Design a Distributed Rate Limiter
How to design an API rate limiter for interviews: token bucket vs sliding window, where to enforce limits, Redis Lua scripts, and handling multi-server deployments without race conditions.
Every production API eventually needs rate limiting. Without it, one misconfigured client — or one angry bot — can take down your database. In interviews, "design a rate limiter" tests whether you understand distributed state, time windows, and the difference between a correct algorithm on paper and one that works under concurrent requests.
We will design a service that enforces rules like "100 requests per minute per API key" and returns HTTP 429 Too Many Requests when exceeded. This applies to public REST APIs, login endpoints, and internal microservice protection.
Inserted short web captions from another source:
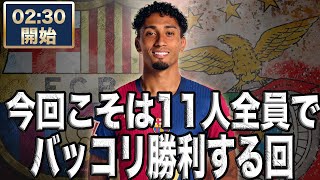 CLベスト16 バルセロナ VS ベンフィカ 【雑談配信】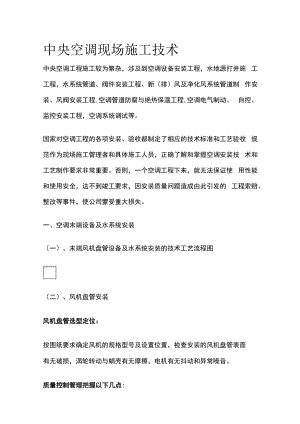 中央空调现场施工技术.docx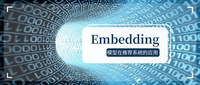 Embedding模型在推荐系统的应用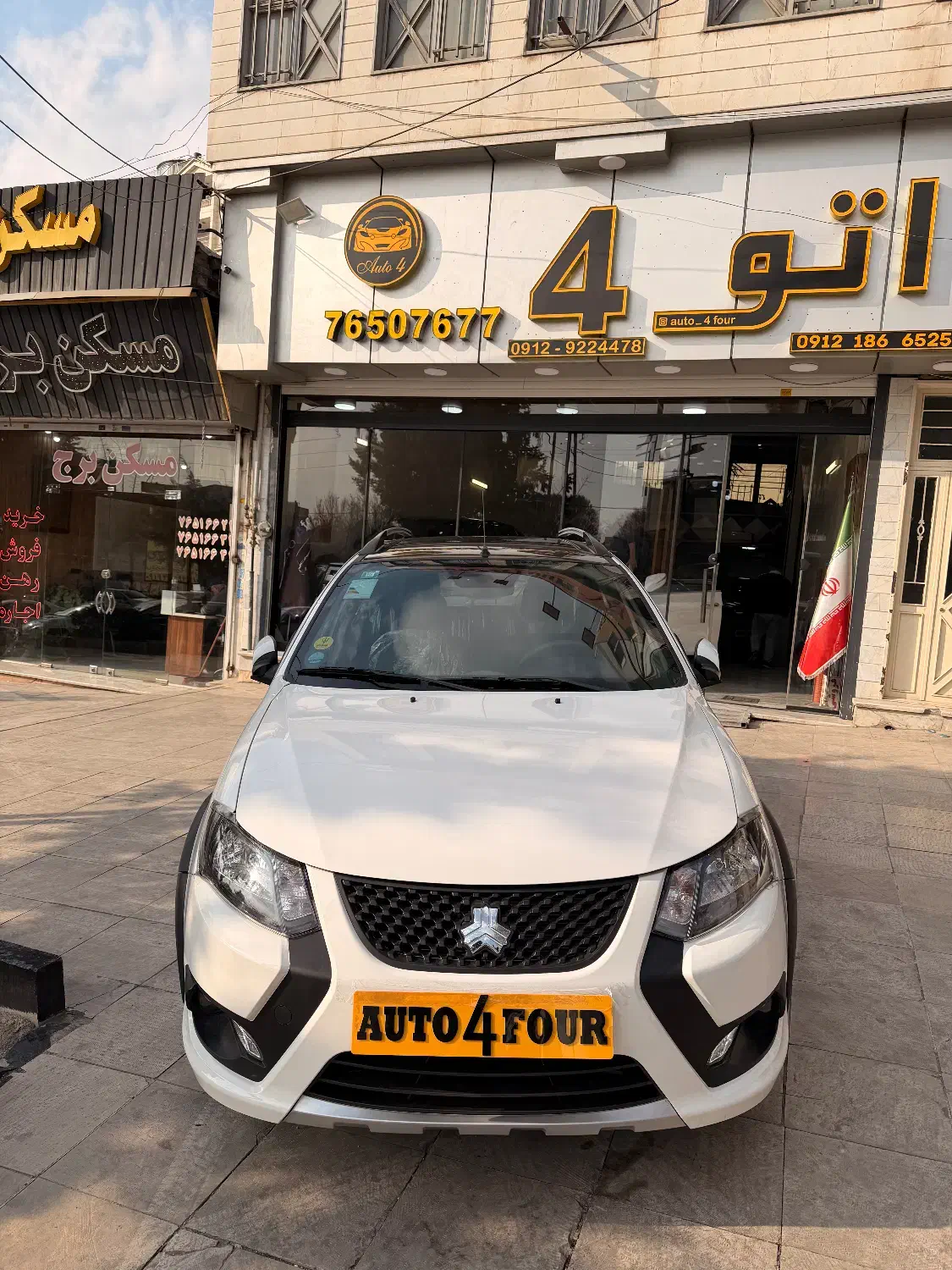 کوییک RS مدل ۱۴۰۴ به رویت صفر|خودرو سواری و وانت|رودهن, |دیوار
It pairs naturally with the URL shortener design, where you rate-limit link creation, and relies on Redis — the same store used in our caching article.
Requirements
- Limit requests per client identity (API key, user ID, or IP address).
- Configurable limits: e.g. 100 req/min, 10,000 req/day per tier.
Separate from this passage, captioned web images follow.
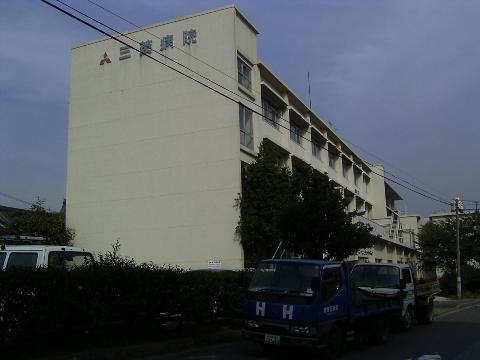 その他　三菱名古屋病院（その他）まで771m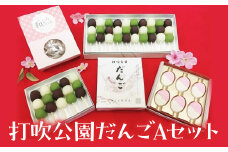 打吹公園だんごＡセット（総個数27） 和菓子 団子 だんご 和三盆 干菓子 スイーツ 鳥取県 倉吉市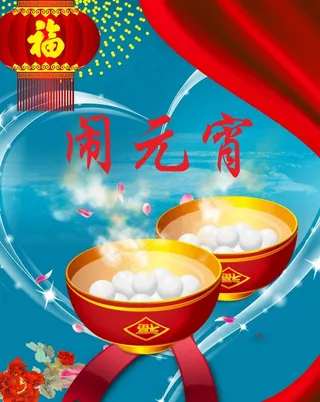 节日素材元宵节闹元宵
- Low overhead — should not add more than a few milliseconds per request.
- Accurate enough across multiple API servers (distributed deployment).
- Return clear headers: X-RateLimit-Limit, X-RateLimit-Remaining, Retry-After.
Clarify with the interviewer
Is strict accuracy required (never exceed limit by even 1 request), or is approximate limiting acceptable? Strict limits cost more in coordination. Many products accept slight burst overage.
Where to enforce the limit
Three common placements:
- API gateway / load balancer — centralised, protects all backends, best for uniform policies.
- Sidecar or middleware in each service — flexible per-route rules.
- Dedicated rate-limiter microservice — called synchronously before business logic.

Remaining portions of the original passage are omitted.